Paris’ Jeu de Paume revisits the work of documentary photographer Dorothea Lange with a major retrospective “Dorothea Lange, Politics of Seeing” (until January 27, 2019). The exhibition originated at the Oakland Museum of California —home of the photographer’s archives— donated to the museum fifty years ago by her husband and collaborator Paul Shuster Taylor.
Dorothea Lange (1895–1966) documented American life with riveting, intimate photographs that portrayed some of the most powerful moments of the 20th century. Lange was driven by the belief that seeing the effects of injustice could provoke reform and perhaps bring about change.
“The Politics of Seeing” features major works by Lange, some of which have never before been seen in France.

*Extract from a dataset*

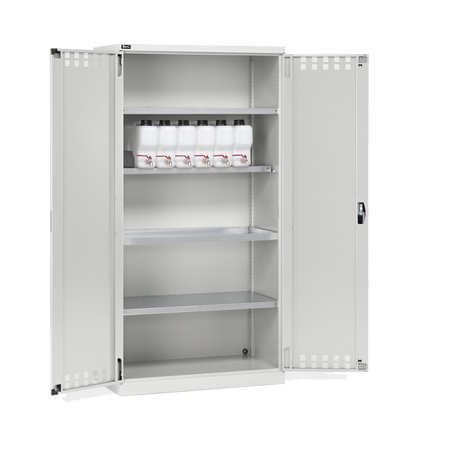 PERFOM140, Armadio 2 ante a battente fessurate, 3 piani fessurati, 6 taniche, 1 vasca interna, L1023 x P555 x H2000 mm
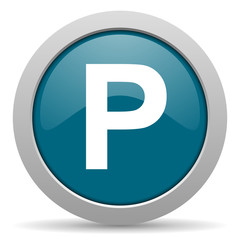 parking blue glossy web icon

The exhibition focuses on the extraordinary emotional power of her work and on the context of her documentary work. It features five specific series: the Depression period (1933-1934), a selection of works from the Farm Security Administration (1935-1939), the Japanese American internment (1942), the Richmond shipyards (1942-1944) and a series on a Public defender (1955-1957). Over one hundred vintage prints taken between 1933 and 1957 are enhanced by the presence of documents and screenings broadening the scope of an œuvre often familiar to the public through images such as “White Angel Breadline” (1933) and “Migrant Mother”(1936), which are photography icons.

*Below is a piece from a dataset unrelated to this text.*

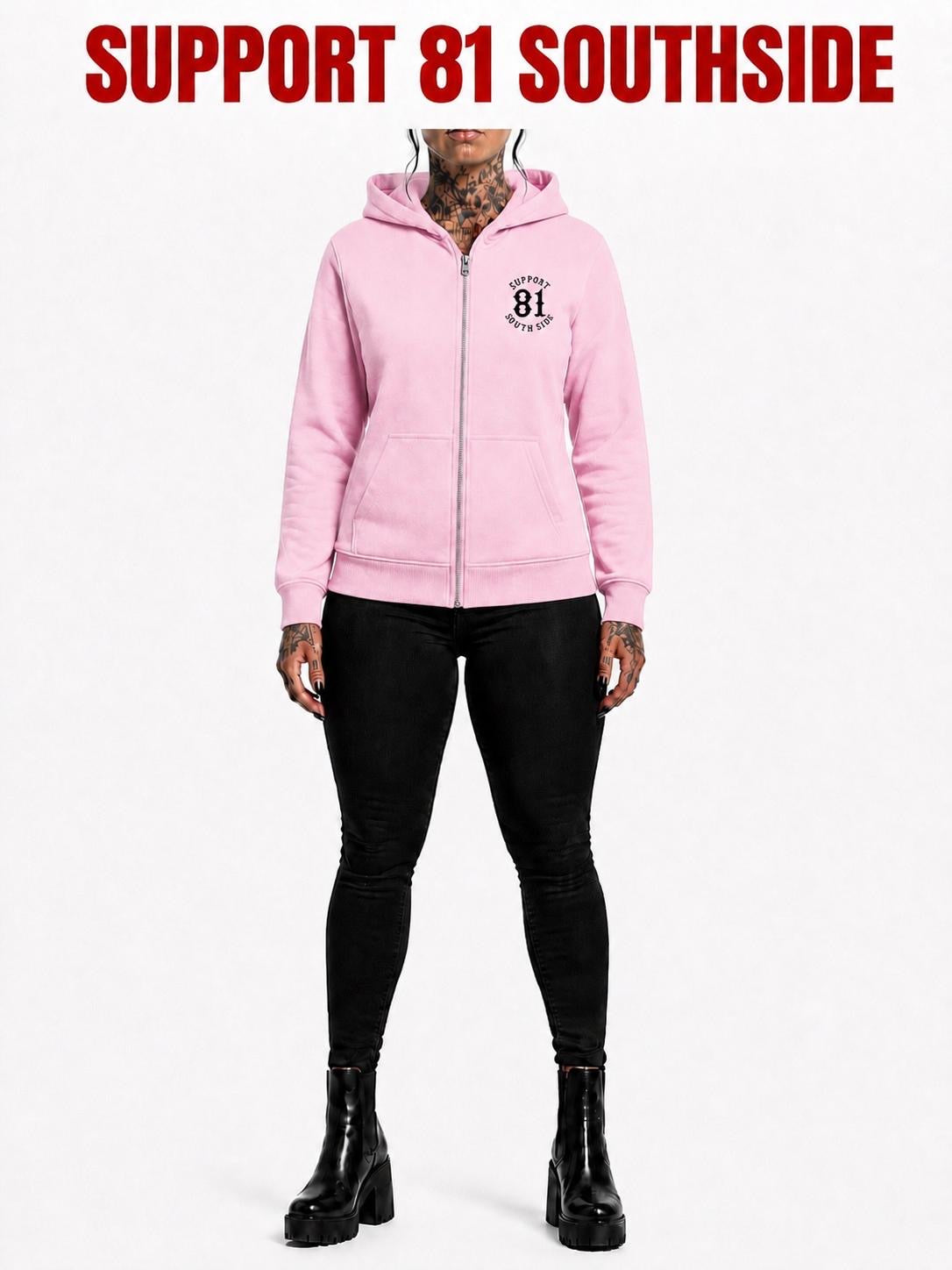 Ladies Zip-Hoodie "Support South Side 81" - rosa, schwarzer Print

Lange’s iconic images of the Great Depression are well known, but her photographs of Japanese-Americans interned during the Second World War were only published in 2006. Shown here for the first time in France, they illustrate how she created intimate and poignant images throughout her career in order to denounce injustices. In addition to the prints, a selection of personal items, including contact sheets, field notes and publications situate her work within the context of this troubled period.
The exhibition includes five frames Lange took as she approached Florence Owens Thompson and her children for one of her most famous pictures which became known as “Migrant Mother.” In her notes (included in the exhibition) she says “I made five exposures, working closer and closer from the same direction. I did not ask her her name or her history. She told me her age, 32. She said they had been living on frozen vegetables from the surrounding fields, and birds that the children killed. She had just sold the tires from her car to buy food. There she sat in a lean-to tent with her children huddled around her, and seemed to know that my pictures might help her, and so she helped me. There was a sort of equality about it.”
“Dorothea Lange, Politics of Seeing,” until January 21, 2019, Jeu de Paume, Paris.